Canadian Investment Review asked Robert Spector, fixed income portfolio manager at MFS Investment Management for his views.

Spector says he thinks there will be further monetary tightening, which will have implications for short-term interest rates, but he doesn’t expect these will be sustained for a long period and the bulk of increases may have already occurred.

Opportunities in Canadian Fixed Income

Spector says that the current environment may mean investors want to shift where they allocate risk toward duration and away from lower quality credit risk.

Investors can either buy longer-term bonds or seek credit risk for yield. However, he says he thinks that credit markets are currently “priced to perfection” so there may be better value and better opportunity in interest rate risk than lower-quality, higher-risk opportunities available in the credit market.

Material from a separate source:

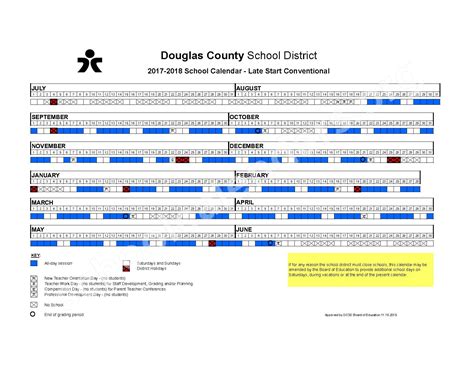 2017 - 2018 Conventional Late Start Calendar | Douglas County School ...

He also says there is opportunity in medium-term interest rates because the government yield curve is extraordinarily flat, although not inverted, and he thinks that signals that the Bank of Canada is not behind the curve and doesn’t need to go out on a very extended monetary policy cycle.

“I think if we do see the Bank of Canada pause earlier than the market expects there would be scope for those medium term, or five and 10-year interest rates, to outperform.”

Opportunities in Emerging Markets

Spector highlights that when the U.S. Federal Reserve tightens monetary policy, this has implications for interest rates, credit markets and bond markets around the world. Particularly, the rising U.S. dollar, alongside tightening monetary policy, has created dislocations in emerging markets, he says.

Spector says this may offer Canadian investors an opportunity to look beyond the Canadian bond market, which is highly concentrated especially in the corporate space.

“So it does make sense from a diversification perspective to look beyond Canadian corporate bonds and try to incorporate other companies, other sectors, that aren’t as well represented in the traditional Canadian bond benchmarks.”